Specific things I learned at TASK

1. Being poor can happen to anyone; you can be middle class or even upper class and experience catastrophic illness, divorce, job loss.

  • I have many things that were given to me. If I hadn’t been born when I was, where I was, to the parents I was,
  • I could be in poverty myself.
  • I didn’t get to choose being white, male, tall, deep voice, father who was an Ivy League graduate.
  • If I were growing up in the same circumstances as some of the kids growing up in the inner city, I’d be coming to the soup kitchen – but not as an employee or volunteer but as a patron.

2. Helping others is very rewarding – and maybe a good way to help yourself; to help reduce human suffering can be very healing to yourself.

3. Listening (active and engaged) is hard work – but very important – Astro example – takes humility.

4. Self Care is important – see major challenges above.

The book I co-authored – Mission Possible: How You Can Start and Operate a Soup Kitchen - 14 chapters on how to start or expand a soup kitchen – only three of the 14 chapters are about food – board management, staff management, volunteer management, financial management, safety and security.

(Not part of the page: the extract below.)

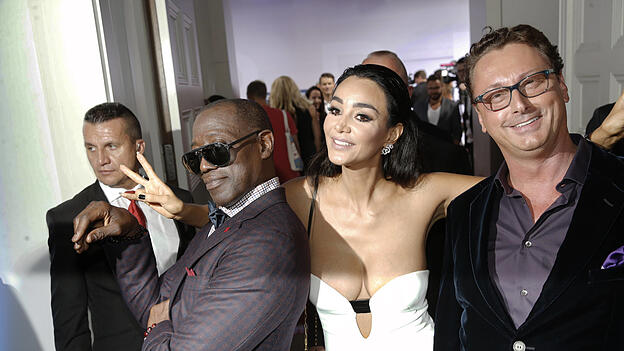 Bernhard Fritsch (rechts) im Rampenlicht mit Wesley Snipes (links) und Verona Pooth auf der Bertelsmann-Party im Jahr 2016 in der Bertelsmann-Repräsentanz in Berlin. Ein Jahr später nahm das FBI den „StarClub“ des gebürtigen Landshuters ins Visier. Bernhard Fritsch (rechts) im Rampenlicht mit Wesley Snipes (links) und Verona Pooth auf der Bertelsmann-Party im Jahr 2016 in der Bertelsmann-Repräsentanz in Berlin. Ein Jahr später nahm das FBI den „StarClub“ des gebürtigen Landshuters ins Visier.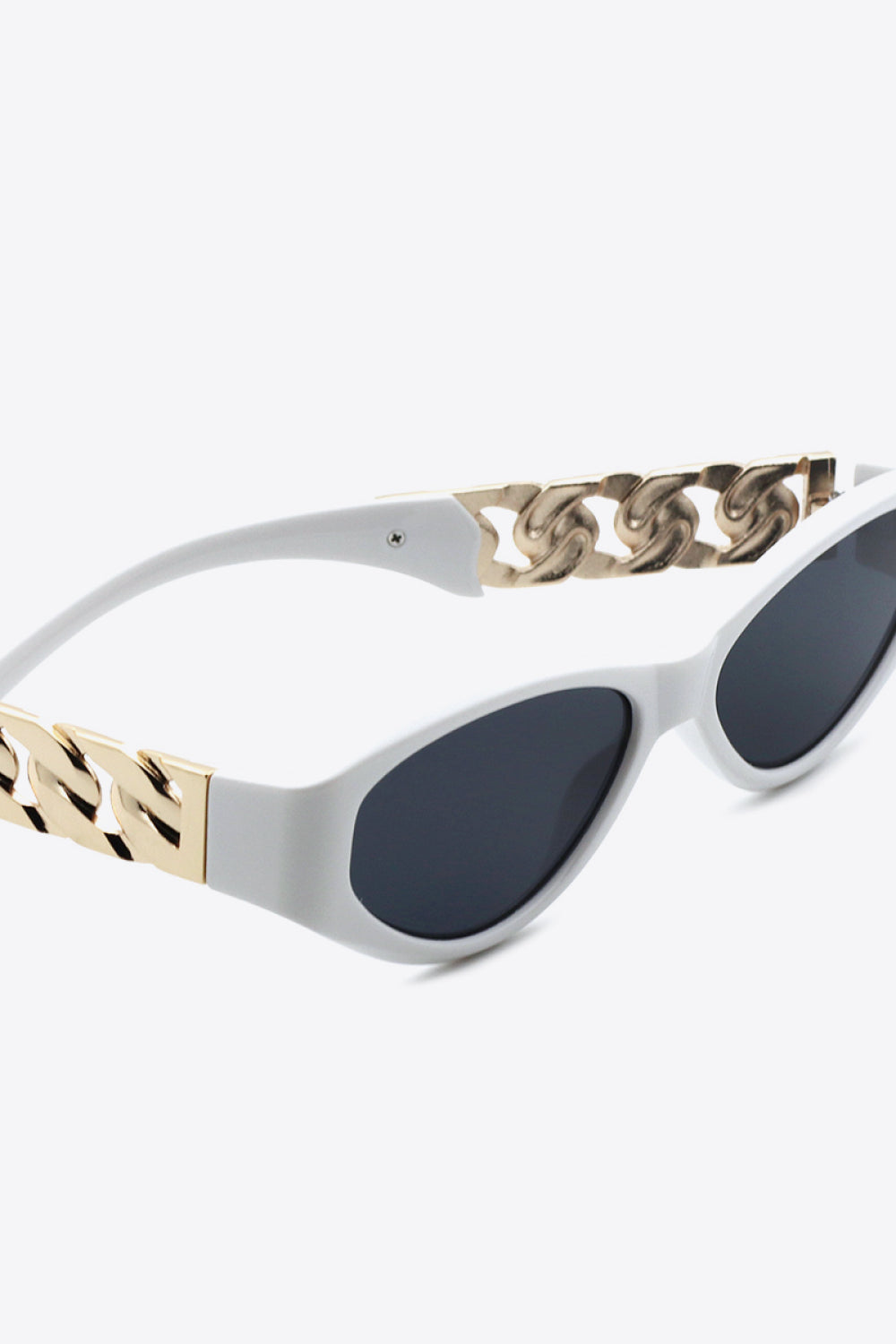 Chain Detail Temple Cat Eye Sunglasses king-general-store-5710.myshopify.com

Original intent was to replicate TASK across the nation, but when you go on the World Wide Web (www), it’s world-wide!

Website, You can download the book free – PDF download in Adobe. You can buy hard copies through Amazon or Barnes & Noble.

We have Google Analytics - last month we had 44 states, 126 countries, 4,000 visitors around the world; hundreds of downloads; response page – last question was from a guy in South Africa wondering how to deal with his local government. A challenge for me to tell someone in South Africa how to deal with his local, perhaps corrupt, government.

And, to finish, just as I typed this final bullet at midnight Saturday night, I heard that little sound that computers make when a new email has just been delivered. It was a response via the book web site from a Social Worker in Rhode Island asking the best way to expand her mission from an overnight shelter to include a meal program. So there I was typing - not just about the soup kitchen, not just about the book, not just about the web site, but about a response from South Africa when another response comes in! Sent chills up my back!